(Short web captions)
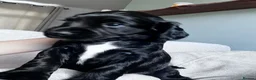 Cocker Spaniel dogs for sale: Gorgeous cocker spaniel puppies - Advert 5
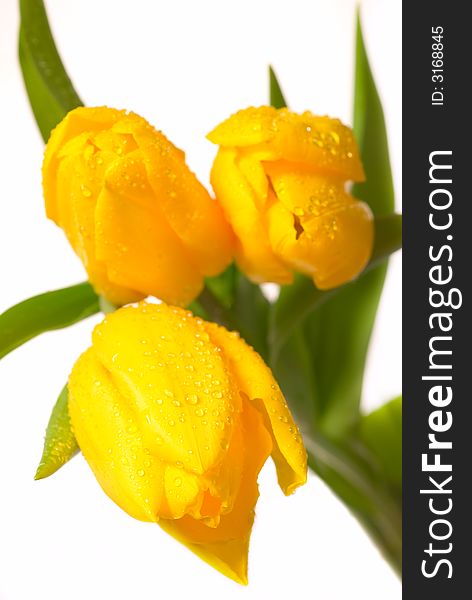 Three beautiful yellow tulips isolated over white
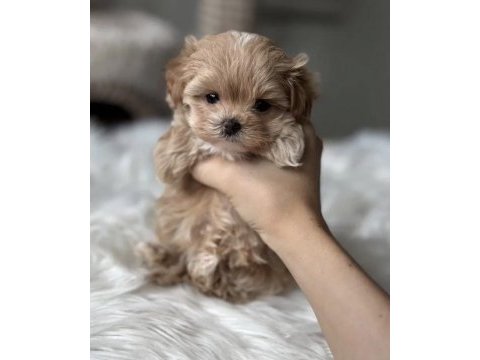 Teacup maltipoo yavrular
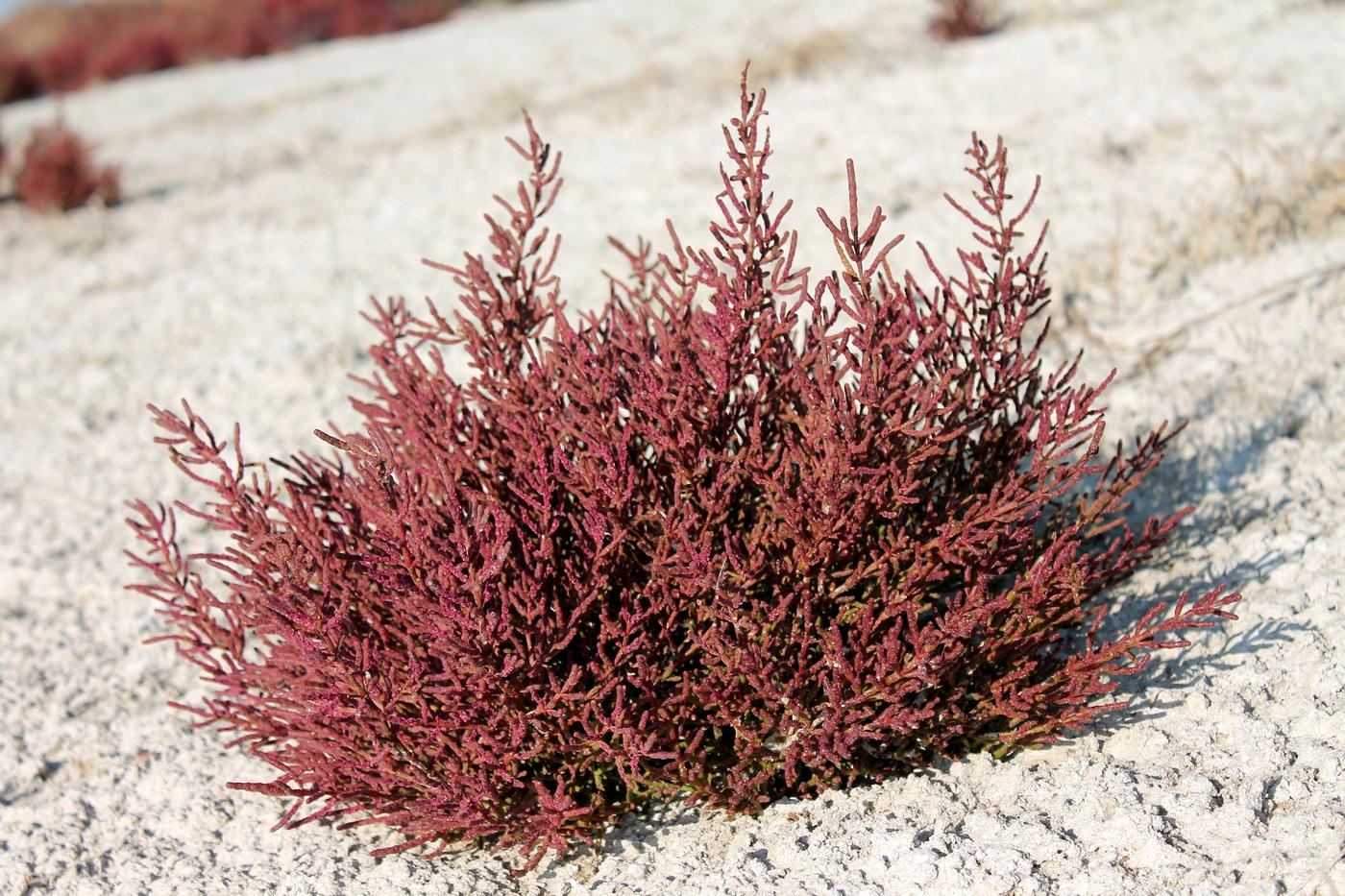 Изображение особи Salicornia perennans.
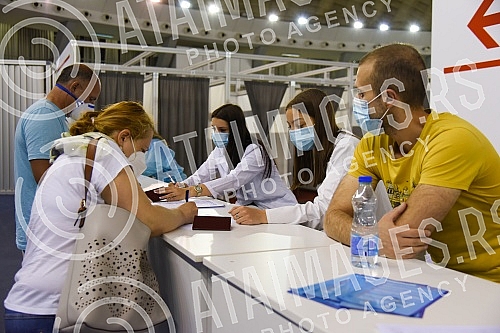 The team of the program for connecting with the Serbian diaspora 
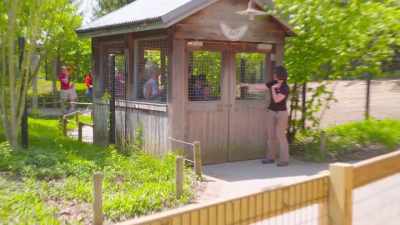 Katrina: It's happening.
All right, guys. - Secrets of the Zoo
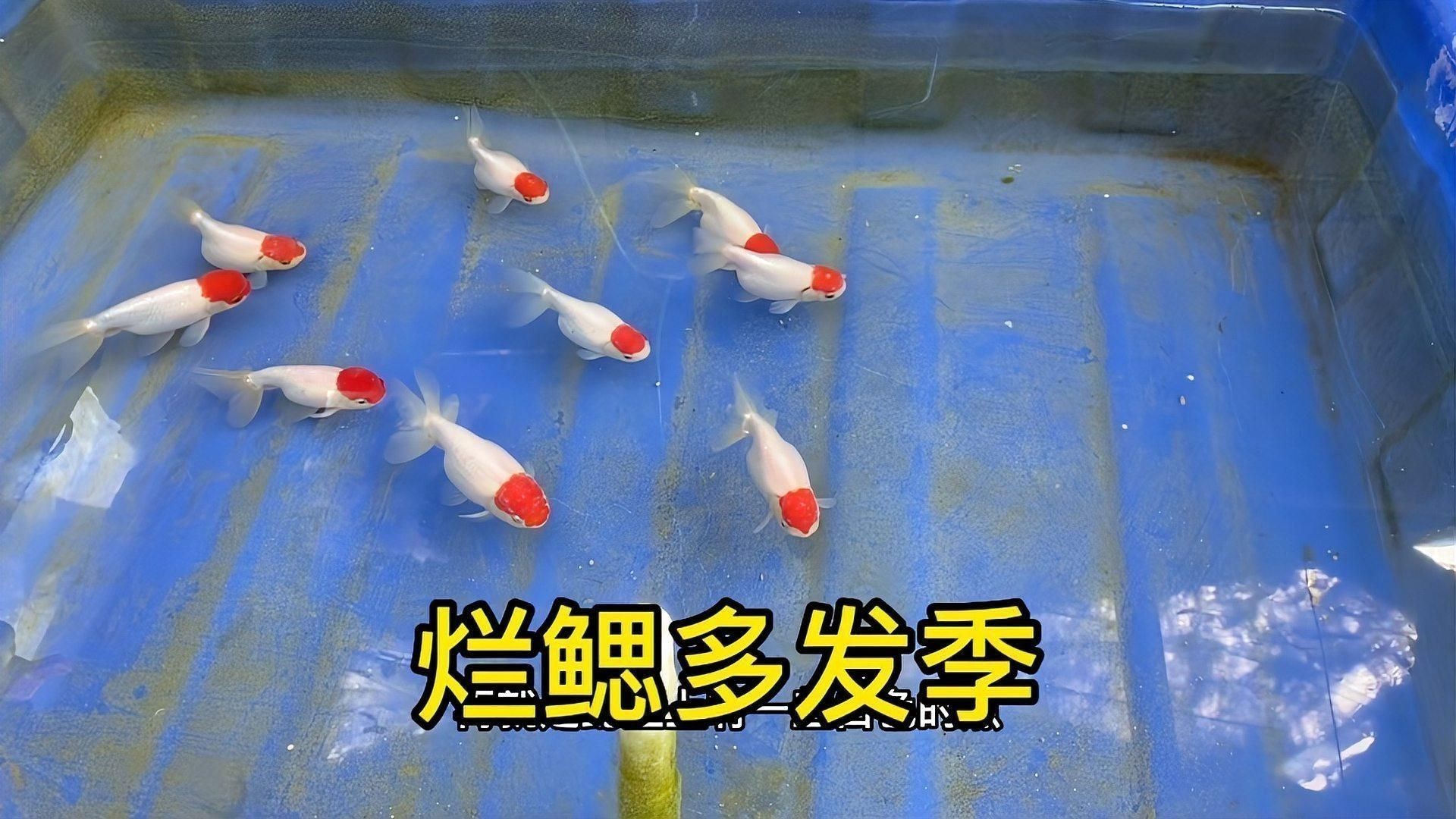 如何預(yù)防魚(yú)鰓爛？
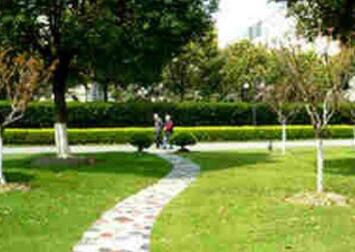 2020年青杠养老院收费标准介绍！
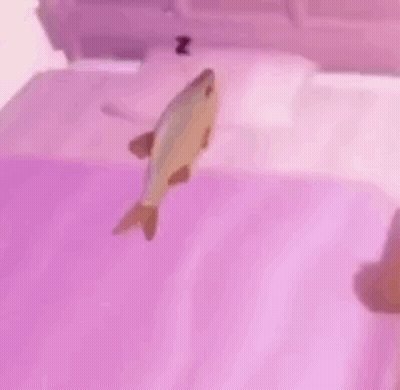Fish Floating On Bed GIF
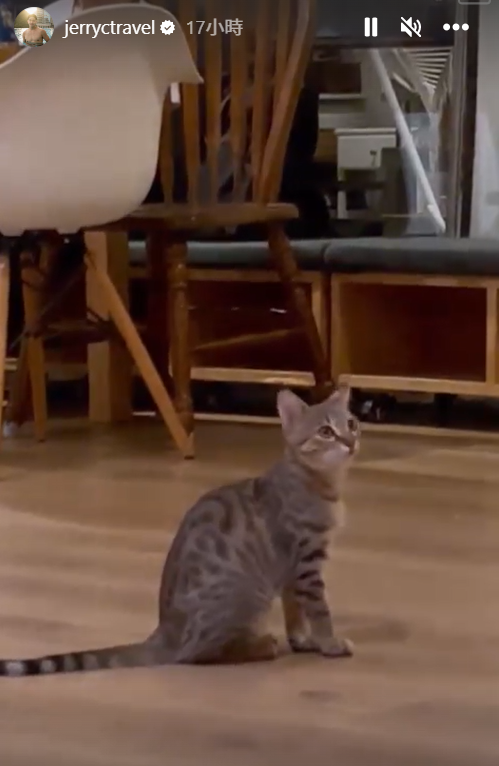 戲劇班的旁聽生。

■ EXERCISE REQUIREMENTS
Output the entries above verbatim, leaving out images.

■ RESULT OF THIS TASK
 Cocker Spaniel dogs for sale: Gorgeous cocker spaniel puppies - Advert 5
 Three beautiful yellow tulips isolated over white
 Teacup maltipoo yavrular
 Изображение особи Salicornia perennans.
 The team of the program for connecting with the Serbian diaspora 
 Katrina: It's happening.
All right, guys. - Secrets of the Zoo
 如何預(yù)防魚(yú)鰓爛？
 2020年青杠养老院收费标准介绍！
Fish Floating On Bed GIF
 戲劇班的旁聽生。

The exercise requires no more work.